Technological and AI developments, advances in health care and the greater societal need for retirement benefits across the globe present huge opportunities, BlackRock CEO Larry Fink said at a special meeting on global growth convened by the World Economic Forum.
Fink, also chair of the $10.47 trillion global money management firm, said the amount of innovation that we are witnessing right now has created a “very large investment cycle.”
Advancement in medical research, such as weight-loss drugs, is “very expensive and inflationary in the short run but in the long run is deflationary.” Medical advances, along with the investment needs related to artificial intelligence, “in my mind create a very solid investment foundation,” Fink said during a panel discussion at the WEF’s Special Meeting on Global Collaboration, Growth and Energy for Development, held April 28 and 29 in Riyadh, Saudi Arabia.
Fink’s session — during which he presented alongside panelists that included Salman F. Rahman, private industry and investment adviser to Bangladesh’s prime minister — addressed “investing amid global fracture.”
While Fink is “bullish” on opportunities right now, he acknowledged that it does come during global fractures — rising geopolitical issues, a rebalancing of trade and elevated inflation — and the panel considered the current and growing divide between developed and emerging markets.
Fink and Rahman agreed that the role that global development banks play in helping the “global south” — the emerging world —prosper needs a rethink if there is to be more balance. “We need to really look at how we are going to be providing new capital to the emerging world, and that’s one of the big problems … facing the world today,” Fink said.
Rahman said: “We need to actually look at restructuring the global order, the global economic order, the social political order.
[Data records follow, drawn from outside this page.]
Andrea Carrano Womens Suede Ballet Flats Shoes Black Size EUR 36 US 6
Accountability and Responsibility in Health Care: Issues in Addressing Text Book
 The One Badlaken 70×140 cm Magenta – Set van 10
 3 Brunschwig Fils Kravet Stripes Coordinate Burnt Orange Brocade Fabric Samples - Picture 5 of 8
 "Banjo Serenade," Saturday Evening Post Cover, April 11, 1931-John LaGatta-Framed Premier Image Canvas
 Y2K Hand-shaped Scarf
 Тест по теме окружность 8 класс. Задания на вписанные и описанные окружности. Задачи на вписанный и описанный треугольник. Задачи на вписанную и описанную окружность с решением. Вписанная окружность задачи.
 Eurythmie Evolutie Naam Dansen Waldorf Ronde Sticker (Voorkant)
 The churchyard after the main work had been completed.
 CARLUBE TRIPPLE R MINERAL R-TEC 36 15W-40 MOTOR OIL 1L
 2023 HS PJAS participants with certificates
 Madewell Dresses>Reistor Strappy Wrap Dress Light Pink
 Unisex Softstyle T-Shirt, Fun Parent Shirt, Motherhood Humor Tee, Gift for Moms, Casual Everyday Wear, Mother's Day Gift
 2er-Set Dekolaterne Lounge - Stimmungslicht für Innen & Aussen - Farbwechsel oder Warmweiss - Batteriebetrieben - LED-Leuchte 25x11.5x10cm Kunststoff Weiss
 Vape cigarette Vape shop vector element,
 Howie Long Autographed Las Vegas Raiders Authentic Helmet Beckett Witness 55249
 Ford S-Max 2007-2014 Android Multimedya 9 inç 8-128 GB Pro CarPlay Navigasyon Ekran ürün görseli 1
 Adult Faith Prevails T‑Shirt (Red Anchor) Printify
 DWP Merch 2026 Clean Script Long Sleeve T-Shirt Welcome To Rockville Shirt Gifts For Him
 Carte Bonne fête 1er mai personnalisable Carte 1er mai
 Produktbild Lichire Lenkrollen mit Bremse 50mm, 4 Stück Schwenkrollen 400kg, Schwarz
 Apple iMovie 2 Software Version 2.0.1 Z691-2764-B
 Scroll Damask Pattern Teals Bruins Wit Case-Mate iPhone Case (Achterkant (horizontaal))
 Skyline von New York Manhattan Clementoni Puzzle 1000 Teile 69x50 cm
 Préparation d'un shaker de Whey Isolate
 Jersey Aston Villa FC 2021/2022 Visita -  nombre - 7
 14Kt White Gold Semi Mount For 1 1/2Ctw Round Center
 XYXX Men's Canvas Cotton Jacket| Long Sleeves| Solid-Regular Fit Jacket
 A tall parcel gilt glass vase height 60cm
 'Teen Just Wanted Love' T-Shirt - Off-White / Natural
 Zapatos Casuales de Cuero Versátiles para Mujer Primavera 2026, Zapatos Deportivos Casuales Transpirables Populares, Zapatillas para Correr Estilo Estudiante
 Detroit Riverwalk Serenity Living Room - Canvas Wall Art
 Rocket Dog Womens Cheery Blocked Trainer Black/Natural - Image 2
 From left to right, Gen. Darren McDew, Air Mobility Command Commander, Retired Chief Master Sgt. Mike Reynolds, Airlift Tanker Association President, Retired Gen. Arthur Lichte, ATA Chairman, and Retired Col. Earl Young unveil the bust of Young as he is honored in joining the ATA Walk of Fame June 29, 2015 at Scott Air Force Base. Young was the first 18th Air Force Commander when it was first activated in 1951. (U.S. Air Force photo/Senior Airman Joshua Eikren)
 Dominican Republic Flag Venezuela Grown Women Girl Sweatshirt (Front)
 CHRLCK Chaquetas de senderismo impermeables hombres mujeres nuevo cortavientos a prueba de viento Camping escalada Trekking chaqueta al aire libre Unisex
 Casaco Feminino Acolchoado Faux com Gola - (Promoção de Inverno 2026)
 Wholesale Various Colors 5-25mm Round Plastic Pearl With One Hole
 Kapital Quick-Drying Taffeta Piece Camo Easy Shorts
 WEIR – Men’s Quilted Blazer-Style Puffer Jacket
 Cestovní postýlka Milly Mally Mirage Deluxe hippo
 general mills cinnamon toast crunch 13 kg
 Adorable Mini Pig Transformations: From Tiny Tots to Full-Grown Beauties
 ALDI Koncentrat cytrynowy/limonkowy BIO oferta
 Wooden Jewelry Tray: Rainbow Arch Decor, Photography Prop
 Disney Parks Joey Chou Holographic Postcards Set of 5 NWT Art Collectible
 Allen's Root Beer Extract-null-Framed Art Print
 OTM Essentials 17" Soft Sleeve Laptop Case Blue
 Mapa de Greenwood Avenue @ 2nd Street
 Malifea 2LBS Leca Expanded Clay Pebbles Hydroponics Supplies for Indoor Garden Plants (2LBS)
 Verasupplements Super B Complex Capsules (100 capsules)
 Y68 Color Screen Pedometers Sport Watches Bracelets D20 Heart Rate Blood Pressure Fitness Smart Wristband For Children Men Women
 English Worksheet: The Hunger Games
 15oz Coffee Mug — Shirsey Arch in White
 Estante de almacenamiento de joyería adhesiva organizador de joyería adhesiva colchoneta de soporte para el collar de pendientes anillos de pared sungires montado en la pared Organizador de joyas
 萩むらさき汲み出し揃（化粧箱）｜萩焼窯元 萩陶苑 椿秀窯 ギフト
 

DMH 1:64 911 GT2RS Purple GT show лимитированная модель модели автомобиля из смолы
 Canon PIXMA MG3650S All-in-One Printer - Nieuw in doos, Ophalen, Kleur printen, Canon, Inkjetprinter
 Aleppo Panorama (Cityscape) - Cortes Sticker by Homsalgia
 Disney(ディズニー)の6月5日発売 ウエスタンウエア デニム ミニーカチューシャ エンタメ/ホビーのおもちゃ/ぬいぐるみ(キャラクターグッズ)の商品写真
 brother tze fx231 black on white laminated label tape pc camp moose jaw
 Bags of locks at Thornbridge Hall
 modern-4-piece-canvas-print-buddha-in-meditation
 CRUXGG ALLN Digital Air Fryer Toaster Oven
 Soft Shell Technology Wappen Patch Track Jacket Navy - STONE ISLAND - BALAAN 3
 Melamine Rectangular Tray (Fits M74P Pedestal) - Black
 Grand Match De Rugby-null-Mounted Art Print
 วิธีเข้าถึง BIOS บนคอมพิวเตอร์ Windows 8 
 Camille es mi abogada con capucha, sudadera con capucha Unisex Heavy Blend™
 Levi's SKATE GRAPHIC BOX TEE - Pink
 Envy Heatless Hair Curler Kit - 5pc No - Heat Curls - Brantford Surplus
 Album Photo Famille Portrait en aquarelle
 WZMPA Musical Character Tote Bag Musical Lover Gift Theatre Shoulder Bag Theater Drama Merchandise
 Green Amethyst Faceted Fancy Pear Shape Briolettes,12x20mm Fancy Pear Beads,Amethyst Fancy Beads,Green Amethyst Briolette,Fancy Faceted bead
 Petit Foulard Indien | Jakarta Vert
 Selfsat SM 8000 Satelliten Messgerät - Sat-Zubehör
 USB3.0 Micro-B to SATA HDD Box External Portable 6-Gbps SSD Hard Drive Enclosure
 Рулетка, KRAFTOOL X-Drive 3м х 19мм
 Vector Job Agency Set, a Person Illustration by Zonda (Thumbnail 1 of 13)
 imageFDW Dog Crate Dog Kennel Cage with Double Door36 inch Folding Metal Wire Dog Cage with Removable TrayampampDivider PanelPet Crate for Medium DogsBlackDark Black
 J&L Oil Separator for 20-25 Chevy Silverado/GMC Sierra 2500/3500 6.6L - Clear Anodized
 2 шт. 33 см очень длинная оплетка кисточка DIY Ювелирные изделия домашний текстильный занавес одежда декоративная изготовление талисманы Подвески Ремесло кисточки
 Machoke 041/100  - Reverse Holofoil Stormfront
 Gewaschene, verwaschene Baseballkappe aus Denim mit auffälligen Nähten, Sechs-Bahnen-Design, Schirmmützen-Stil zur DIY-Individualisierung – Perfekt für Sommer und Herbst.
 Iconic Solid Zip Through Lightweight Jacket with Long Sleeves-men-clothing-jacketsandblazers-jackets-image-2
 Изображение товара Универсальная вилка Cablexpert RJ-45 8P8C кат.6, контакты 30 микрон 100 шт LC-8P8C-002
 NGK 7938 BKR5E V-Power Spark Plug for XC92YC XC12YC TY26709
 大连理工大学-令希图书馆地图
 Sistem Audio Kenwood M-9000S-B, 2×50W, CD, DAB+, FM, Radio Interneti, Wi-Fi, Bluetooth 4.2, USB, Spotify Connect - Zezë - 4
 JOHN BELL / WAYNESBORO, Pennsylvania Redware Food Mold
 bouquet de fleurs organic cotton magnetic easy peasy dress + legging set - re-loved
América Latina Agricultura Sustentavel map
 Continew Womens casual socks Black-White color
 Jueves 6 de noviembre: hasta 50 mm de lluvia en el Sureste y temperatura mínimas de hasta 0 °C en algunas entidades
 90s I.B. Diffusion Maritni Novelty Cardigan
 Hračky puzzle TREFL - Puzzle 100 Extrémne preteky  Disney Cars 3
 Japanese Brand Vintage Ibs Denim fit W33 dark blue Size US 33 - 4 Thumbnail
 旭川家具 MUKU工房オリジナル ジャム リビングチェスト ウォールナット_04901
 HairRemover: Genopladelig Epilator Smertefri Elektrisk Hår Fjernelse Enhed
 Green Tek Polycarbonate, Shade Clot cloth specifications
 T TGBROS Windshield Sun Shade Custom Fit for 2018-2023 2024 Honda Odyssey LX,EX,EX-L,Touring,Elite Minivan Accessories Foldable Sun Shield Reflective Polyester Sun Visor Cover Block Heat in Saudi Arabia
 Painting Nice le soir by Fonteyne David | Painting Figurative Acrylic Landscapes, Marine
At the moment, the divide between the north and south is increasing, and it is increasing quite rapidly. If we don’t … take steps to address this issue, then I fear that in the future you are going to have a very, very seriously divided world — especially with the advent of technology.”
The panel turned to social impact, with Fink outlining investments in the “emerging south” and other strategies such as decarbonization but reiterated that “beyond those specified projects that we’re working on, the $10.5 trillion that we’re responsible for, our responsibility is financial returns.”
But the key, he said, is “making sure we have more and more investors focusing on different opportunities that empower the global south, to try to find more opportunities to lift more of the world.
“The biggest social impact we could have — and we’re working on this in India, and we’re going to be working on it in many other countries — is to start building a retirement system.” There is an opportunity for BlackRock to work with governments to start their own Pillar 3 systems for their own self-directed retirement pool — something that can have “profound impact” once they are up and running.
One of the major drivers of foreign capital invested into the U.S. is its capital markets, Fink said.
“Our job — and this is where we play a big social service instead of trying to direct money — is to be working with governments to try to develop their own retirement system. And when you can develop a strong direct investment retirement system, through that mechanism you then build a broader capital market. It takes years and years to do that, but a broader capital market will then allow more foreign direct capital to come in, because there’s more liquidity.
“So to me, from our position and what we’ve seen, we can play the biggest social purpose at BlackRock if we could help more countries lift up their retirement system, to build a direct retirement system that will then over years and years build up their capital markets.”